Ideal pipe for streaming live with minimal delay
Edward Hervey
bilboed at gmail.com
Wed Mar 14 01:21:39 PDT 2012
On Tue, 2012-03-13 at 21:40 +0100, Wim Taymans wrote:
> On 03/13/2012 08:59 PM, W.A. Garrett Weaver wrote:
> > You are right about latency being either from the network or the
> > sender. In my case it is from the sender. Changing the sender script
> > dramatically reduced latency. The thing that was changed was adjusting
> > the speed-preset option in the x264enc. My latest sender script is:
> >
> > gst-launch-0.10 v4l2src ! 'video/x-raw-yuv,width=640,height=480' !
> > x264enc bitrate=500 speed-preset=superfast ! rtph264pay ! udpsink
> > host=244.1.1.1 port=5000 auto-multicast=true
>
> If you are using x264enc you should consider using tune=zerolatency as well.
To expand on that, what Wim is pointing out is that there is a
difference between processing speed and latency.
What you did only reduced the processing speed... but the encoder was
still using reordered frame encoding (i.e. use the information from
multiple neighboring frames to end up with a potentially better
information-per-bit).
But that doesn't reduce the latency. The encoder will have to delay
the output by the number of reordered frames (which can go quite high,
like 15, 25 or even more frames).
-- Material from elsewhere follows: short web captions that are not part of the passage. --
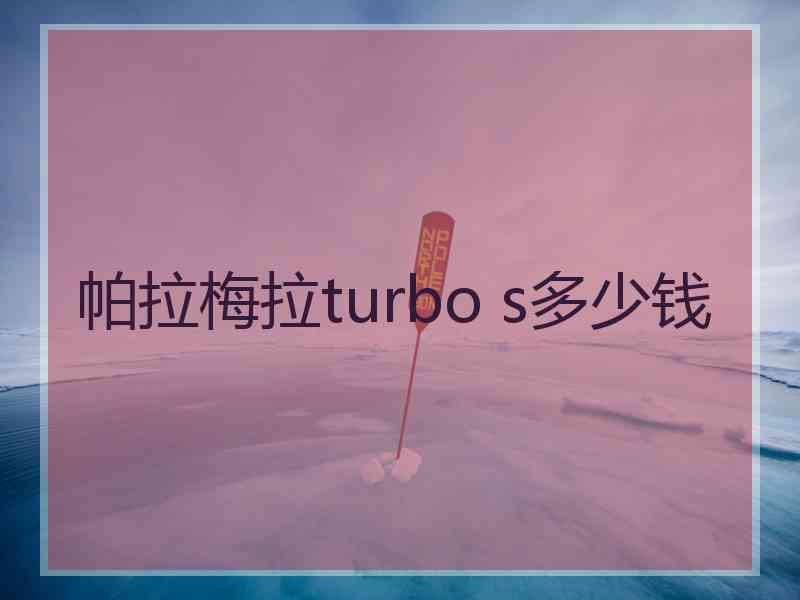 帕拉梅拉turbo s多少钱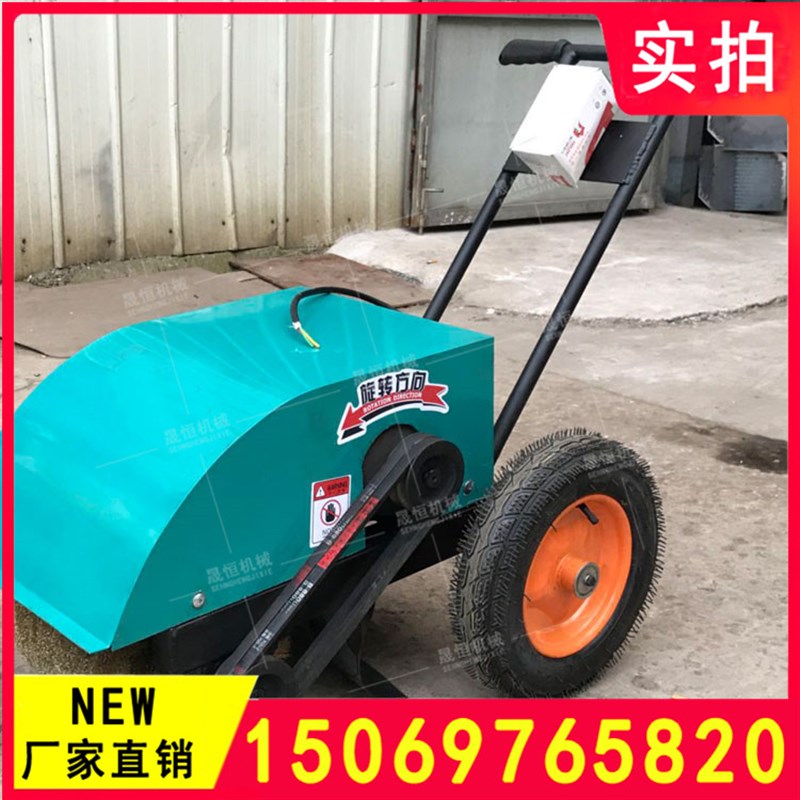 新品 彩a钢瓦钢板除锈机汽油/电动手推式屋顶翻新去锈钢丝轮打定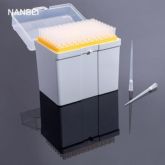 2023 Nanbei NX0010-D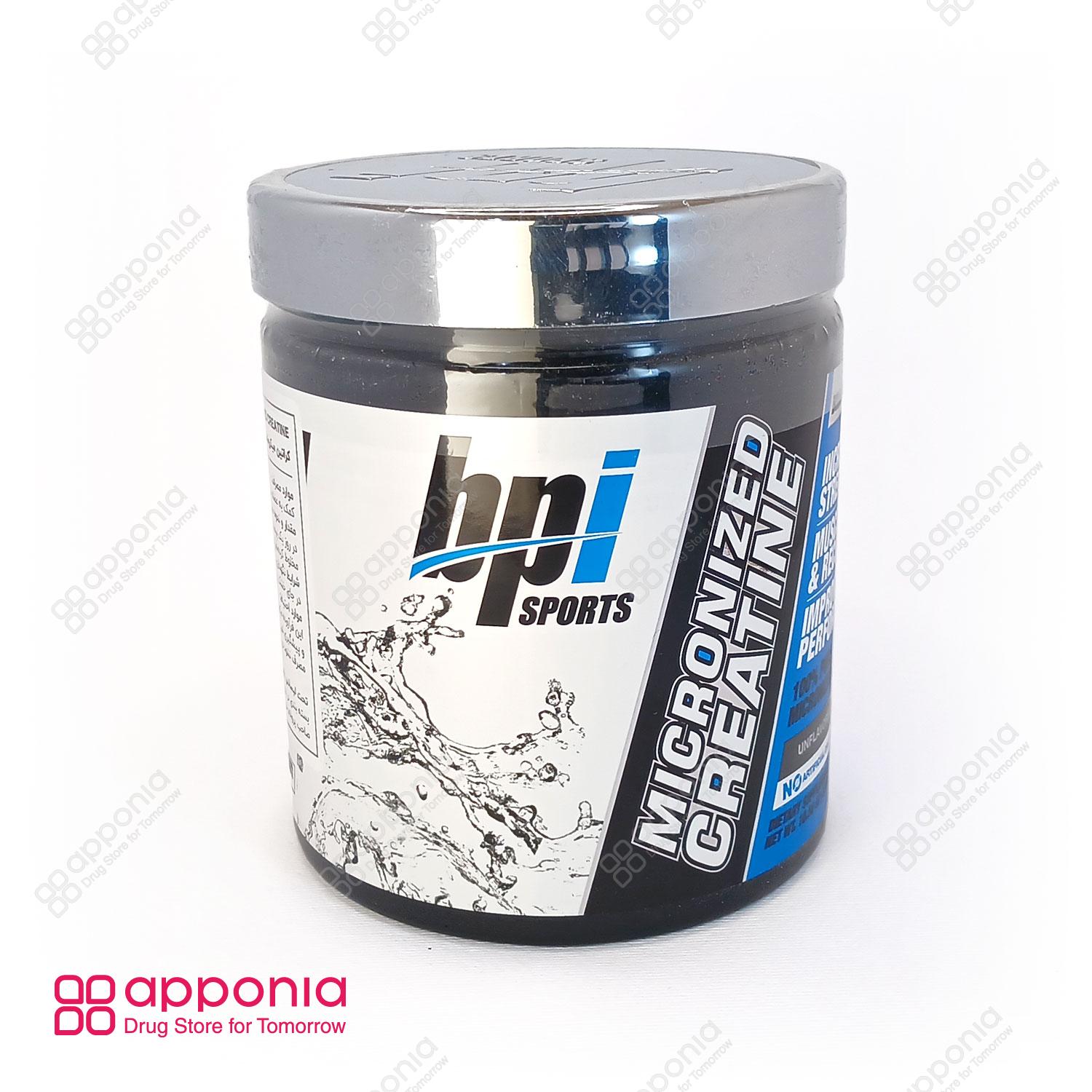 bpi-sports-micronized-creatine-1 کراتین میکرونایزد(300گرمی) بی پی آی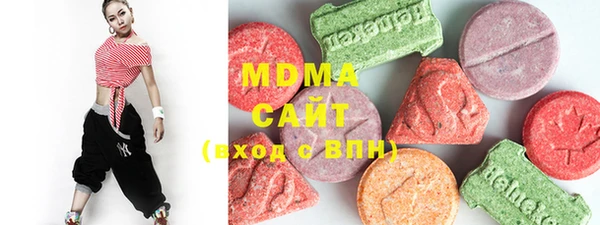 ECSTASY Осташков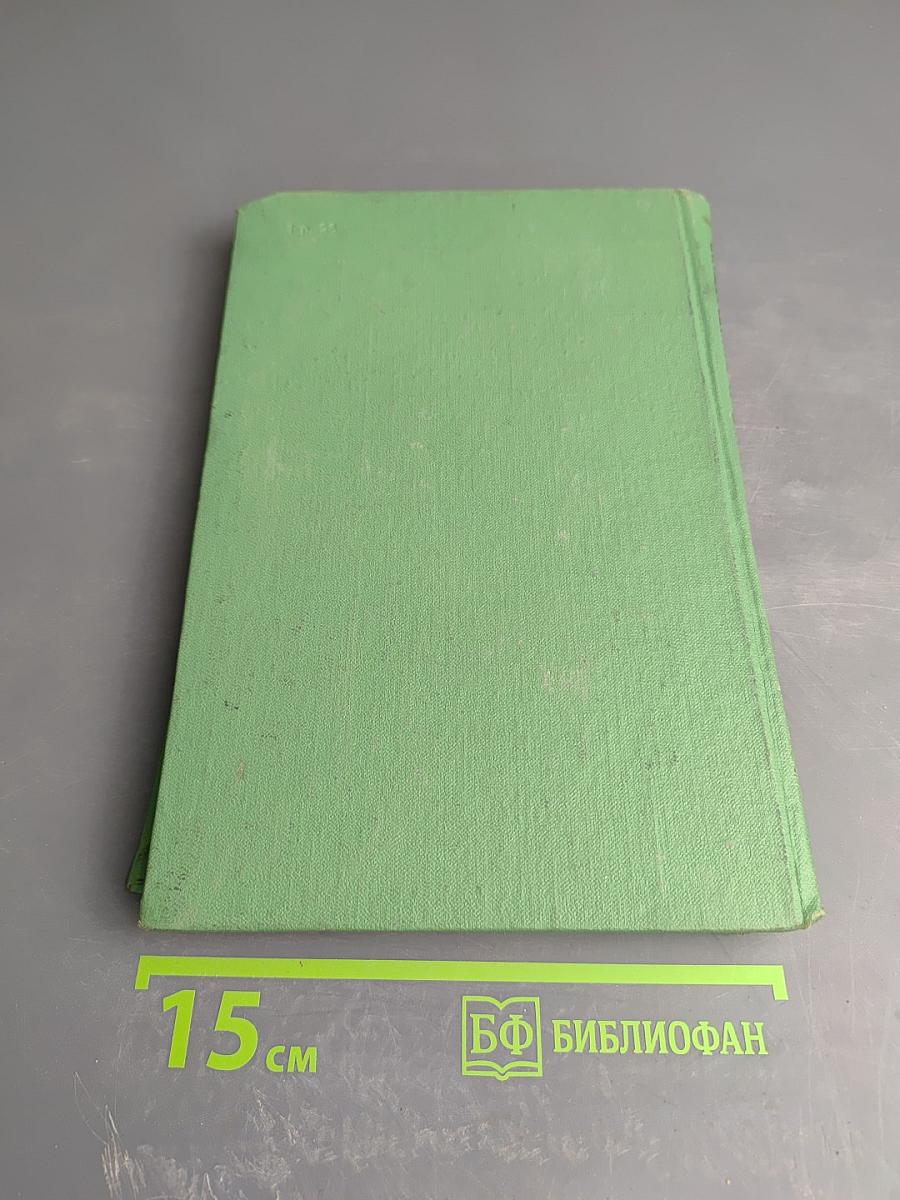 Ионизирующая радиация и пищеварение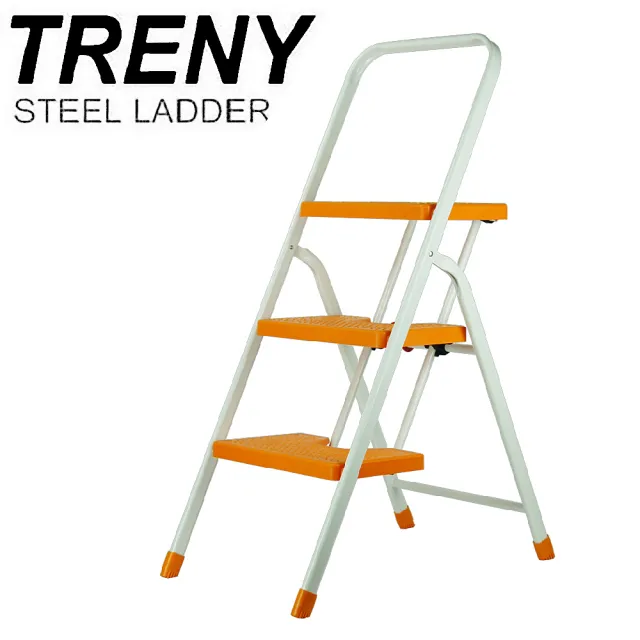 【TRENY】台製橘色三階扶手梯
So it will only output the encoded
frame X when it received frame X+25.
By using the zerolatency preset, you are essentially telling the
encoder to produce a stream without any reordered frames (i.e. no B
frames), allowing it to push out the encoded frame as soon as it's
processed.
This is the very drastic solution, you could also, depending on what
your goal is, find a middle ground by allowing a lower-than-default
number of reordered frames (3-5), thereby allowing the encoder a chance
to produce a better compression rate while at the same time not
introducing a too high latency.
Summary : processing speed != latency :)
Edward
P.S. You also want to put some queues just after v4l2src and just after
the encoder. Otherwise you are processing everything in one thread. By
adding those queues, you are essentially putting capture, encoding and
payloading/sending into dedicated threads, reducing even more the
latency (the encoder doesn't need to block the capture, and the
payloading/sending doesn't neet to block the encoding and capture).